Swearinger enrolled at Alabama-Huntsville, and his freshman science classes were going well. But he also found himself participating in 11 music ensembles.

“I began to think, ‘Maybe I should just focus on that,’” he said of music, ultimately majoring in percussion performance. “The other reason I changed was because of a professor I encountered there.”

That professor was C. David Ragsdale, a former student of noted conductor Gary Green.

LEADER OF THE BAND: Justin Swearinger conducts the Wind Ensemble at its Oct. 30 concert in the Ka... LEADER OF THE BAND: Justin Swearinger conducts the Wind Ensemble at its Oct. 30 concert in the Kasch Performance Hall of Dahl Chapel and Auditorium. “At the time, I didn’t expect him to shape so much of the course of my life,” said Swearinger, whose first performance was playing the timpani as Ragsdale conducted “Symphony No. 4” by David Maslanka. “I had never made music like that – so deep and so moving. That’s when my transition from science to music really happened. From there, I knew I wanted to be a college band director.”

The connection was so strong that, several years later, Swearinger’s dissertation focused on Maslanka.

“It’s amazing how that thread has run all the way through,” he said.

As “a broke college student,” Swearinger began taking conducting lessons and, after graduating from Huntsville and taking a year off, fully committed to his pursuit. A friend to this day, Ragsdale’s influence continued as Swearinger selected graduate schools where two other disciples of Green taught – Florida International University, where he earned his master’s degree, and Southern Mississippi.


Coming home

From there, Swearinger and his wife, Monmouth enrollment operations coordinator LeAnna Whitaker, bounced around, which included stints in Georgia and New Mexico, while he got experience as a high school and middle school music teacher. As work on his Ph.D. neared completion and it became time to begin looking for college teaching jobs, the couple was open to moving anywhere in the United States. But they were especially hopeful that Swearinger would find work in a belt of the country between Alabama – where his wife is from – and the Quad Cities.

“I thought, ‘It sure would be nice to be closer to home,’” said Swearinger. “When the Monmouth job was posted, I was very excited. I’ve seen my parents more in the past few months that I did the entire decade before that.”

But working at Monmouth means more to Swearinger than just being close to his roots. He’s also thrilled to be at a residential liberal arts college, an experience that his best friend, Max Lafontant, had at Luther College, which, like Monmouth, is a member of the Associated Colleges of the Midwest.

“A friend of mine had (a 3D printer), and I was fascinated by it for a long time. So I finally bought one.” Justin Swearinger


Swearinger commissioned Lafontant to compose a new work, and he plans to conduct its world premiere on Scholars Day in April, followed closely by another performance of the piece at the Wind Ensemble’s spring concert.
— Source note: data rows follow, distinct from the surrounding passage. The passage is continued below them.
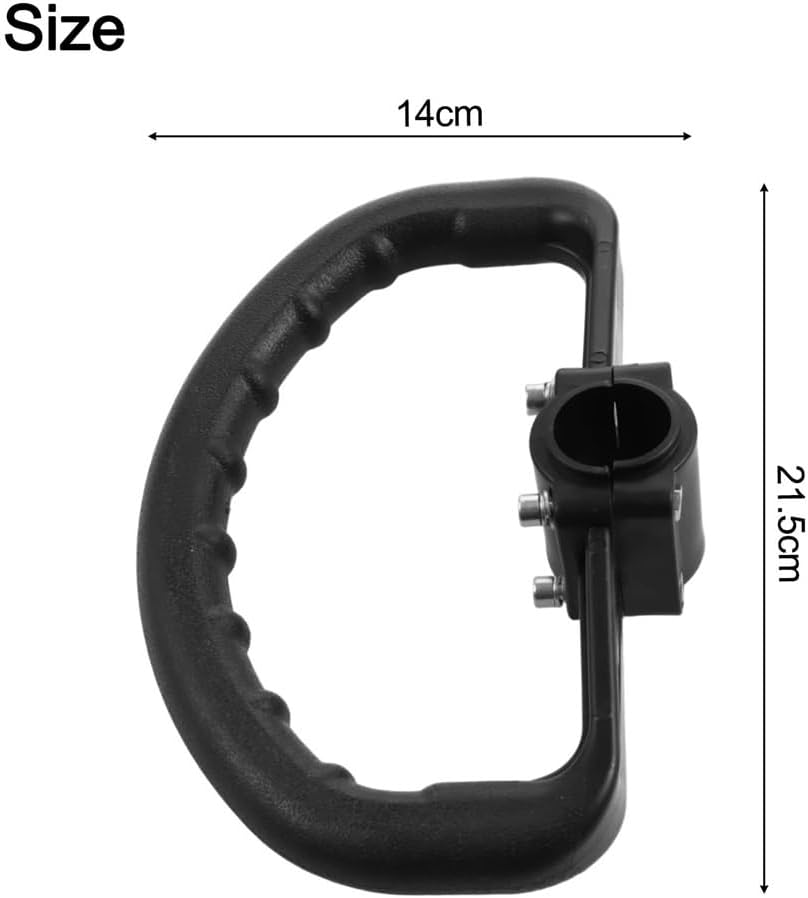 Garden 1 Set Lawn Mower Handle Handlebar Replacement Replaceable Loop Handle Fit for Brush Cutter Grass Garden Tools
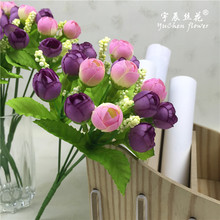 Nhà máy bán buôn Mùa xuân 15 sao tea Trà nhỏ Nụ hoa hồng ngọc trai flowers Hoa nhân tạo Nụ nhựa Hoa hồng mô phỏng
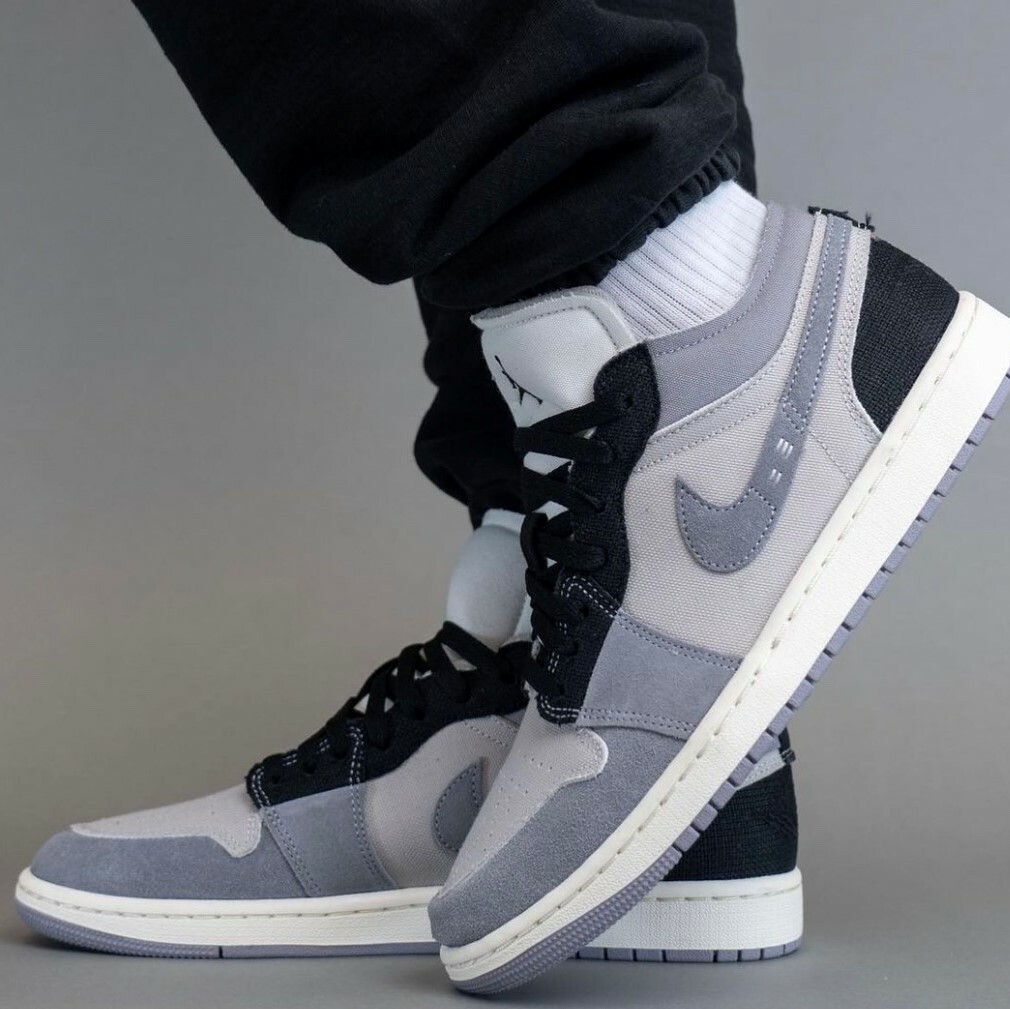 Nike Air Jordan 1 Low Craft "Cement Grey" 水泥灰 紫灰 喬丹 男鞋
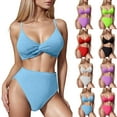 thumbnail image 1 of UTSJKR Bikini Sets for Women Cheeky Bikini Swimsuits Sexy Bathing Suits 2Pc High Waisted Cute Swimwear Push Up Bikini Green M, 1 of 4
Days before, he’ll complete yet another interdisciplinary collaboration, conducting the pit orchestra for the April 20-23 production of The Little Mermaid, directed by theatre professor Vanessa Campagna.

Swearinger may not be following through on his original dream of plotting trips to Mars or tracking the next asteroid to pass close to Earth, but he still stays active in science. He has a 3-D printer in his office, which he uses to make replacement parts for instruments, as well as to create “silly little gifts.”

“A friend of mine had one, and I was fascinated by it for a long time,” he said. “So I finally bought one.”

For the very cheap price of two bucks – rather than its typical lofty cost of several hundred dollars – Swearinger even printed his own version of a shawm, a medieval oboe.

That alone might qualify him as a “Renaissance man,” and, if not, he figures to keep getting closer to that status the more of his colleagues he meets. We hear the “M’s” are a good group to know next.